Hybrid Power for Team Malizia


Fischer Panda at Ocean Race Europe

The race begins long before the starting gun. With the selection of components. With the planning of systems. With decisions that cannot be corrected once you are out at sea.

In Kiel, this becomes visible. In the harbour, between open hatches, final adjustments and brief exchanges. Performance and precision are not promises here – they are prerequisites. In this environment, Fischer Panda joined forces with MOLABO and Gleistein at the start of Ocean Race Europe to demonstrate how maximum performance and minimum environmental impact can be combined in one working system. Not as a vision. As lived practice aboard the Seaexplorer – Malizia.

Three partners. One system.

When we were invited into the Malizia Tech Tent, it quickly became clear what this was about. Not individual products, but how they work together. MOLABO contributes the ARIES i50 electric motor – for control and emission-free operation in harbour, in sensitive situations and in emergencies. Fischer Panda provides the backbone of the energy supply with the AGT 11000 generator – compact, quiet, HVO-compatible, active whenever wind and solar are not enough. Gleistein ensures that tactics can be translated into movement with 62 colour-coded high-performance lines.

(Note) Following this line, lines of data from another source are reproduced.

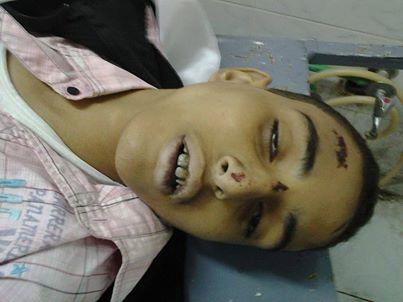 تحالف دعم الشرعية يكشف حقيقة كمين أتوبيس الإسكندرية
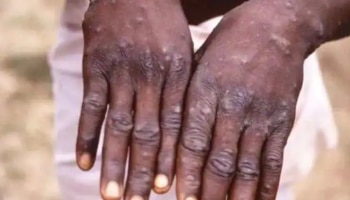 Monkeypox: കുരങ്ങ് പനി, രോ​ഗലക്ഷണങ്ങളുള്ളവരെ ഐസൊലേറ്റ് ചെയ്യാൻ സംസ്ഥാനങ്ങൾക്ക് നിർദേശം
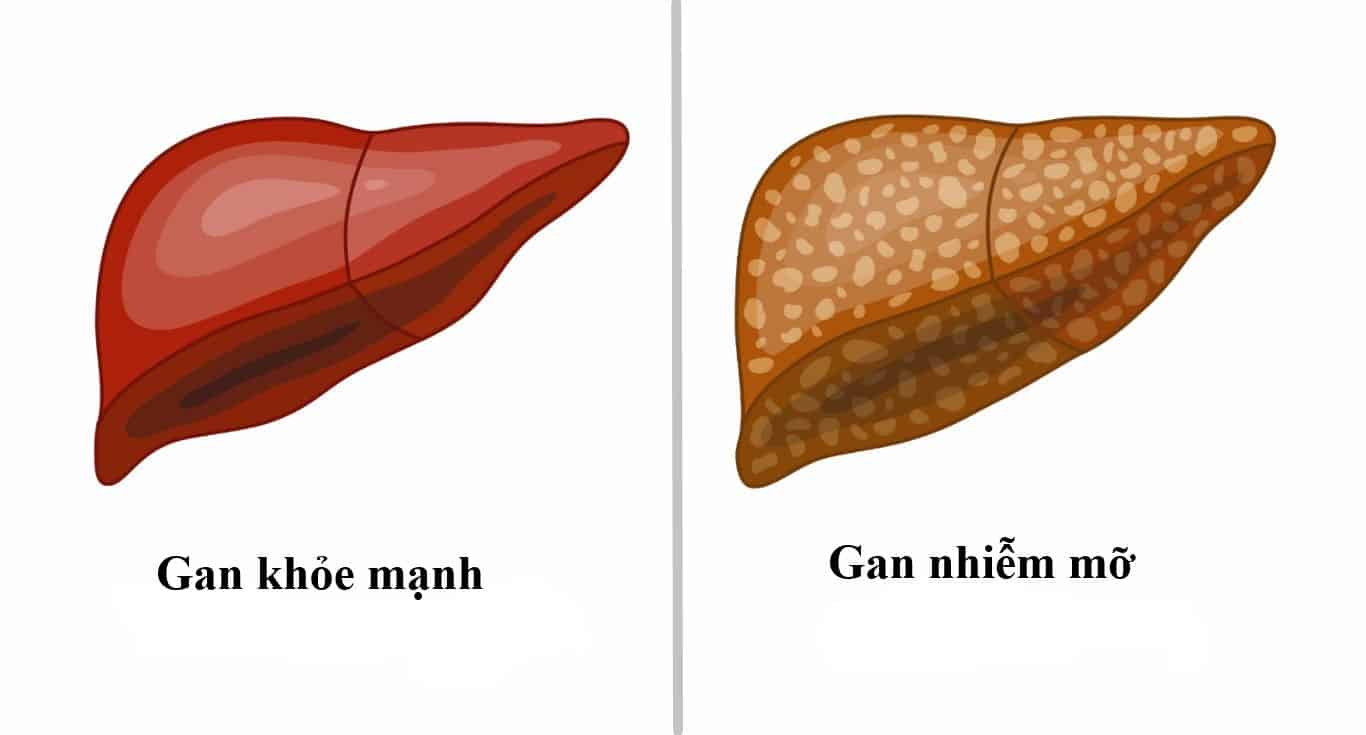 Chế độ ăn cho người gan nhiễm mỡ- Ảnh 2. Chế độ ăn cho người gan nhiễm mỡ- Ảnh 2.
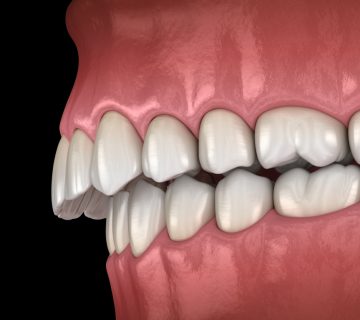 سوء إطباق الأسنان: أنواعه وأسبابه وطرق العلاج
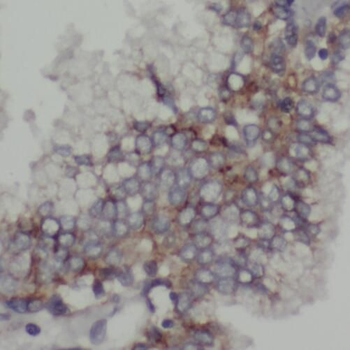 TOM1L1 Rabbit Polyclonal Antibody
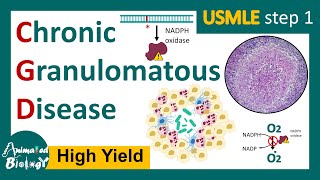 Chronic Granulomatous Disease CGD  NADPH oxidase mutation  Respiratory burst  USMLE [upl. by Fachanan]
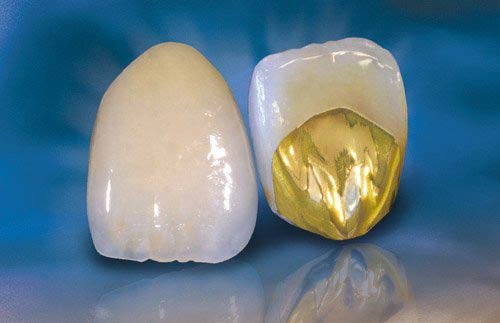 Prótesis dentales a medida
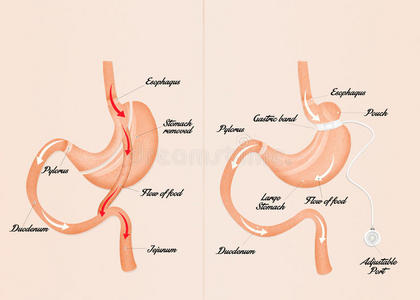 胃旁路和胃带
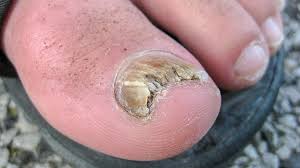 nail psoriasis vs fungus learn the signs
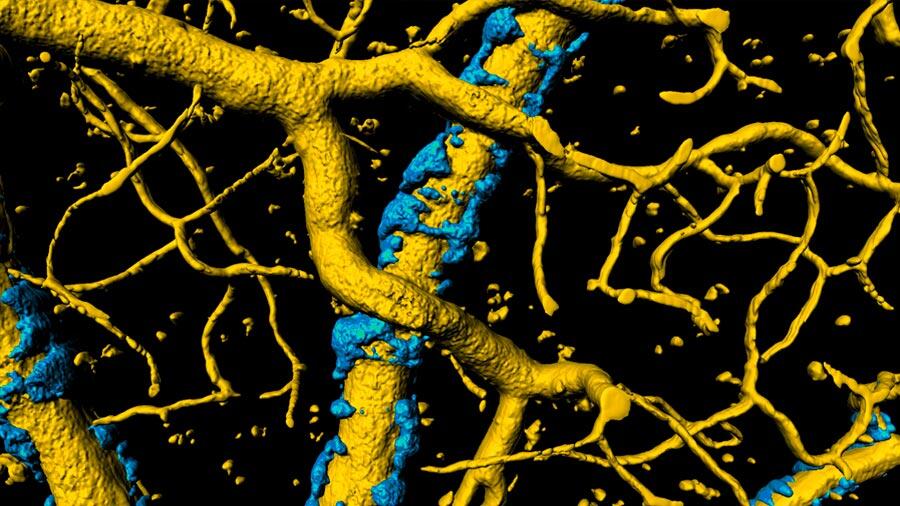 La presencia de peroxinitrito en el cerebro promueve el desarrollo del alzhéimer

Only in combination does technology become a resilient system. Robust enough for offshore racing. Efficient and sustainable enough for modern yacht sport.

The backbone of the energy supply

At the heart of the Seaexplorer – Malizia sits the Fischer Panda AGT 11000. Not a visible statement, but a deliberate choice for reliability. The generator charges the Solid State Marine batteries when renewable energy sources onboard are insufficient. These power the MOLABO ARIES i50 – the drive for harbour manoeuvres and safety or emergency situations.

The generator is not an isolated product. It is the backbone of a continuous energy architecture.

IMOCA class rules require every yacht to be able to move independently at a minimum of 5 knots. The electric motor meets this requirement – and is simultaneously a central safety element. After leaving harbour, it is sealed. Only in a genuine emergency, following authorisation from race management, may it be unsealed. Four permanently installed onboard cameras record the entire process.

Boris Herrmann puts it simply: "If that seal is broken, you better have a very good explanation when you cross the finish line."

Advantages that count

Hybridisation in offshore racing has to prove itself. In weight, consumption and flexibility. The numbers speak for themselves.

The Ocean Race Europe configuration is 40 kg lighter than a conventional 45 hp combustion engine installation in the IMOCA class. Fuel consumption is up to 50 % lower than a conventional diesel generator. HVO can reduce CO₂ emissions by up to 90 % compared to fossil diesel. Looking ahead to the Vendée Globe, the same approach can be taken further: a total weight advantage of around 150 kg over a diesel installation is achievable – 111 kg through reduced diesel volume and a smaller tank, the remainder through the lower weight of the electric motor.

Over thousands of nautical miles, that is not a detail. It is a genuine performance factor.

Technology as team effort

The days in Kiel demonstrated that progress at sea does not come from individual innovations – but from cleanly integrated systems. The hybrid solution aboard the Seaexplorer – Malizia is more than a race configuration. It is a proven, adaptable platform for any application where performance, reliability and sustainability belong together.

And the answer to the obvious question: in most cases, yes – the modular design of Fischer Panda hybrid systems allows individual solutions for a wide variety of yachts and commercial vessels.